发表刊物:IAENG International Journal of Computer Science

收录刊物:Scopus、EI

卷号:44

期号:2

页面范围:172-179

摘要:Cross-domain sentiment classification trains robust classifiers across domains with the help of source domain labeled data. Sentiment is expressed differently in different domains. Sentiment terms that occur in a source domain may not appear in a different target domain. Such feature mismatches hinder cross-domain sentiment classification. Previous studies have addressed this problem by constructing a common feature representation or subspace; however, they have not considered semantic correlations between features. In this paper, we propose a cross-domain semantic correlation auto-correspondence method (CSCW) by capturing similar semantic features from different domains. First, our method uses sentiment-invariance words as features by considering their properties as strong sentiment indicators and their invariance across domains. Second, we extracted the top-N pivot features using a common frequency among source and target domains. These pivot features can then be employed to find semantically similar sentiment features from both domains.

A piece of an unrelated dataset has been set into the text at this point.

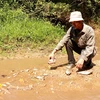 Người dân kiểm tra các loại cá chết ở khe Rào Trường, xã Vĩnh Hà, huyện Vĩnh Linh, tỉnh Quảng Trị. (Ảnh: Nguyên Lý/TTXVN)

Third, for each pivot feature, by calculating the semantic similarity between non-pivot features and pivot features from either domain with the help of Word2Vec, we construct similar-pivot feature pairs that express similar sentiments but in different representations in either domain. Finally, we transform these pairs to align similar sentiment feature representations. This process avoids feature mismatches and reduces sentiment discrepancies between domains. The experimental results from testing on 12 source-target domain pairs of Amazon product reviews demonstrate that our method significantly outperforms previous approaches in sentiment classification.